* _Problem description_
Could you transcribe the entries below exactly, starting at the line that contains "Used 2025 Kia Telluride S AWD/4WD image 9" and stopping at the last line, without any pictures?

Dataset records:
+---+

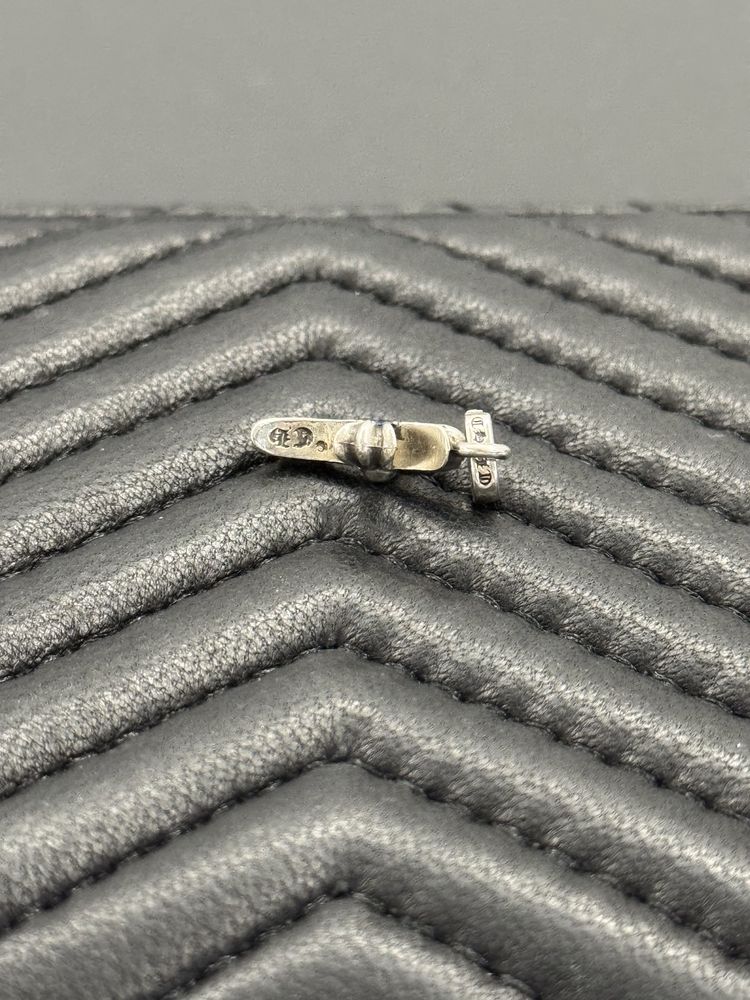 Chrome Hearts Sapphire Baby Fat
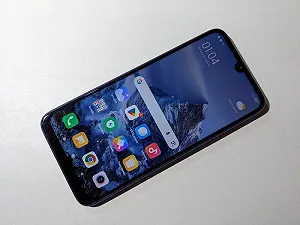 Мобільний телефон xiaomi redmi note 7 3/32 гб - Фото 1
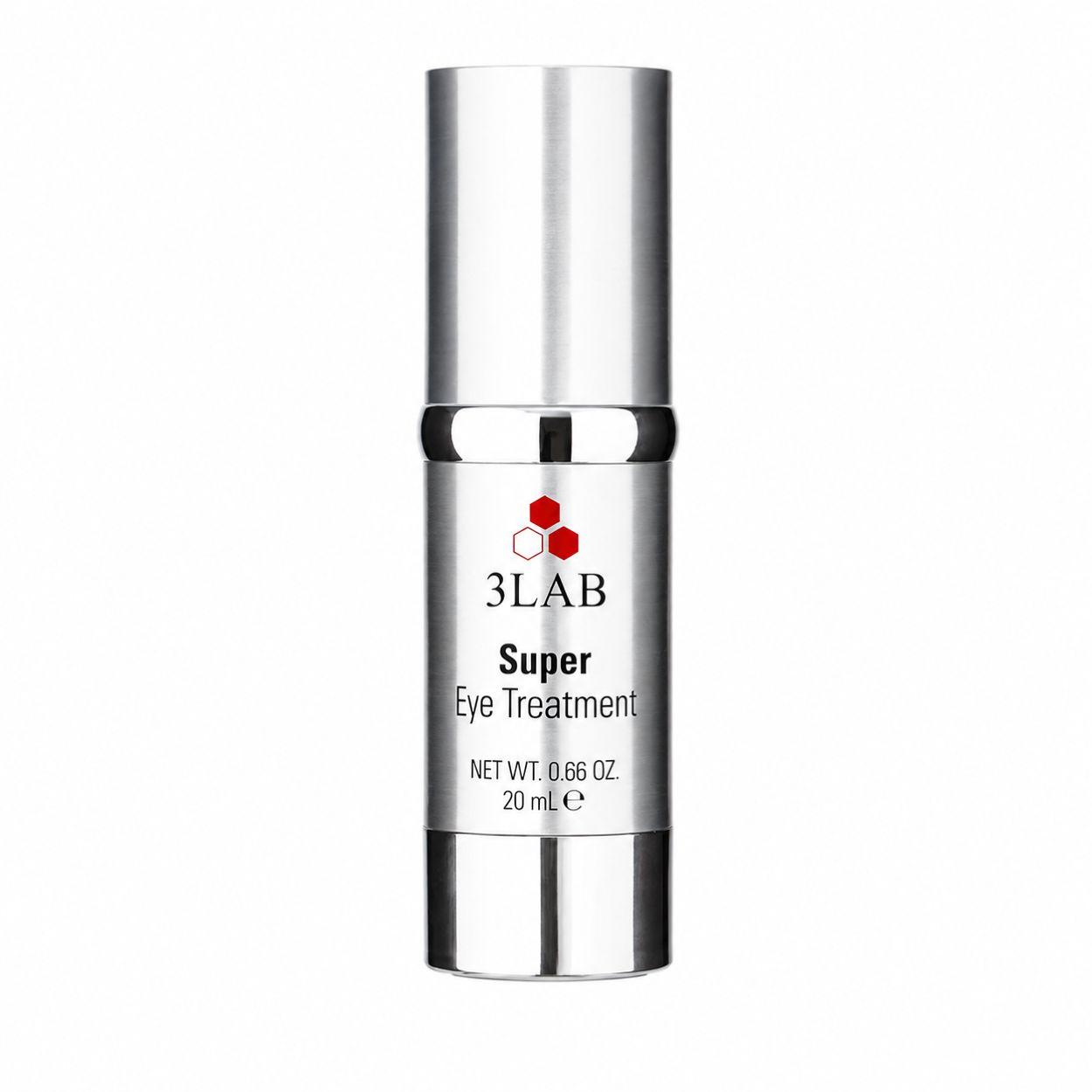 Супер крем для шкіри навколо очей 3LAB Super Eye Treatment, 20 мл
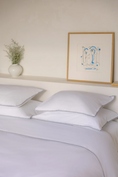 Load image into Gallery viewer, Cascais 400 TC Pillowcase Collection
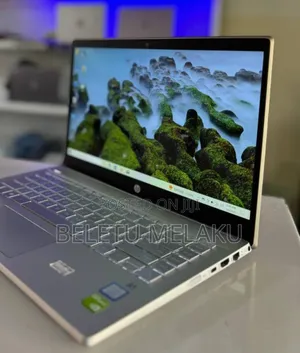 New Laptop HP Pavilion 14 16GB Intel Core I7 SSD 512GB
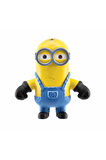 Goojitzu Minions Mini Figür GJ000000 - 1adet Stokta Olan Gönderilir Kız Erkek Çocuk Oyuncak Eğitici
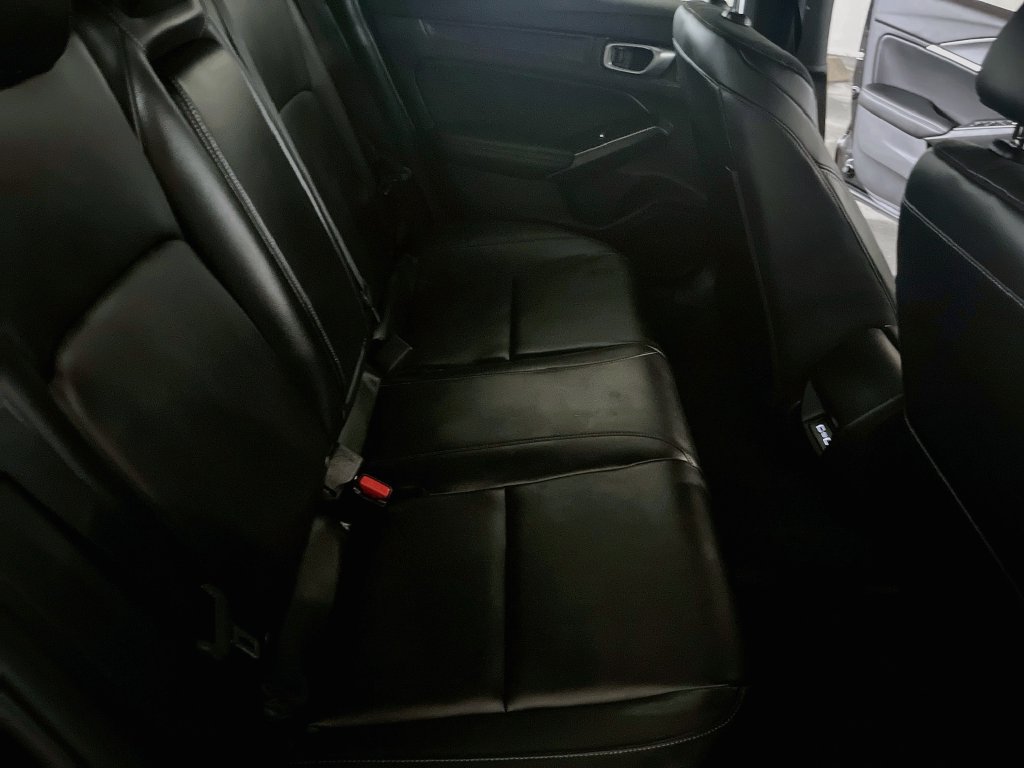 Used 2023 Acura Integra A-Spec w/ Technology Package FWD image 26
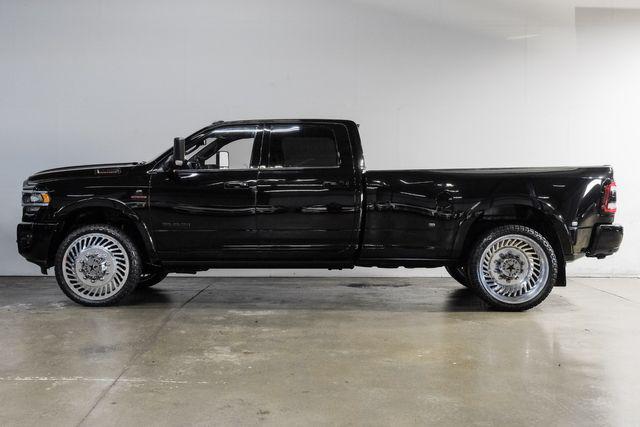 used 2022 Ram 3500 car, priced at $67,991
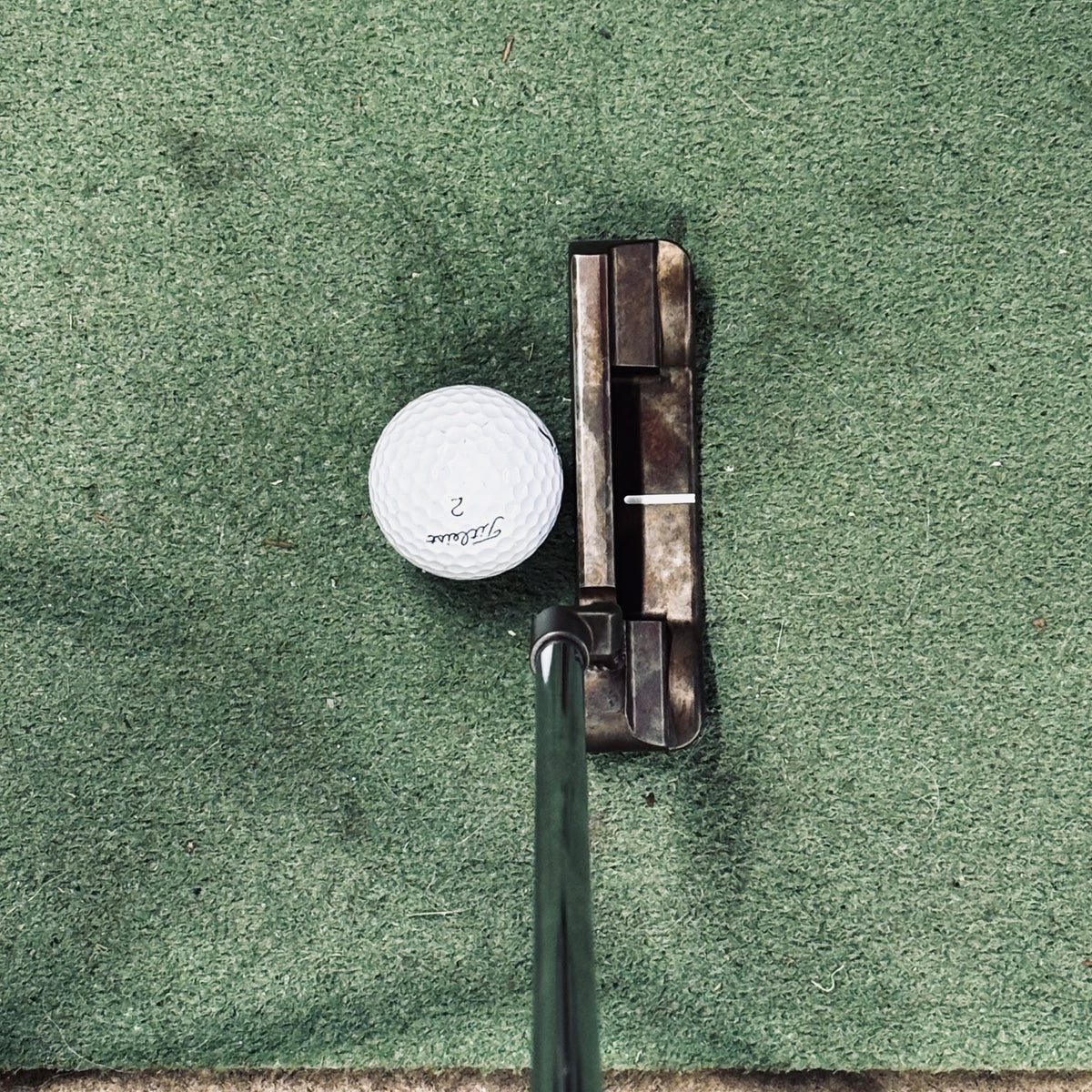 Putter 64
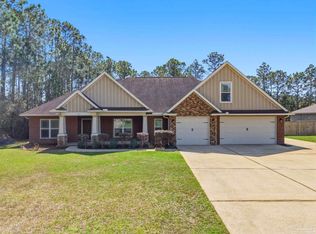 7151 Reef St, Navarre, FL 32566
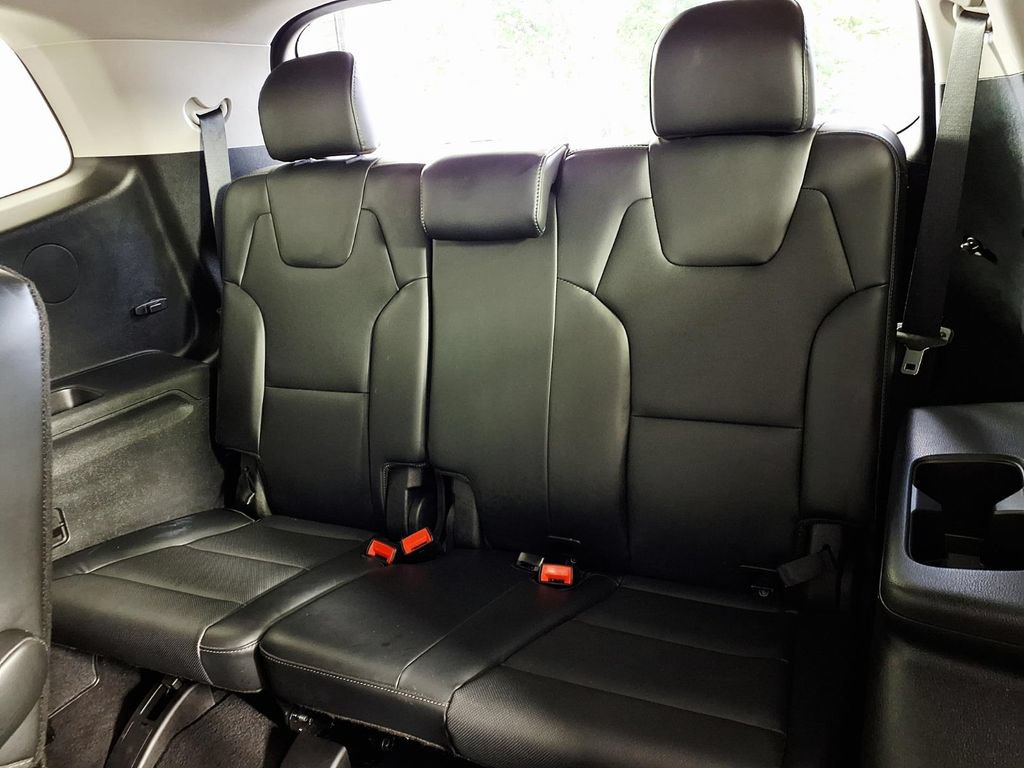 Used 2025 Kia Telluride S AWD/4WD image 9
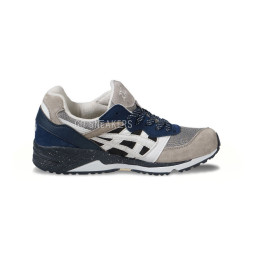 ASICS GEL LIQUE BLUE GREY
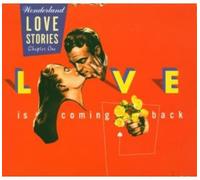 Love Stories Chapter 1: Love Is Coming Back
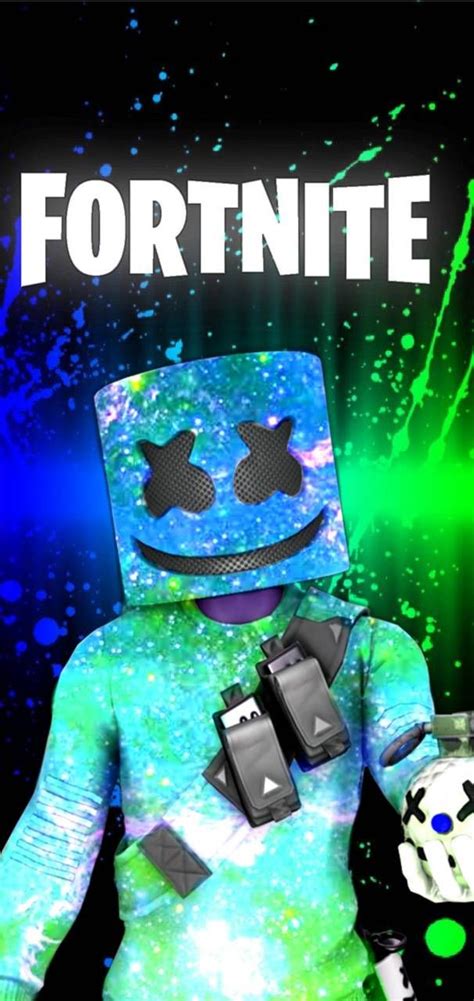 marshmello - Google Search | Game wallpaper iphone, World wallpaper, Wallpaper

+---+

* _Reply to the task_
 Used 2025 Kia Telluride S AWD/4WD image 9
 ASICS GEL LIQUE BLUE GREY
 Love Stories Chapter 1: Love Is Coming Back
 marshmello - Google Search | Game wallpaper iphone, World wallpaper, Wallpaper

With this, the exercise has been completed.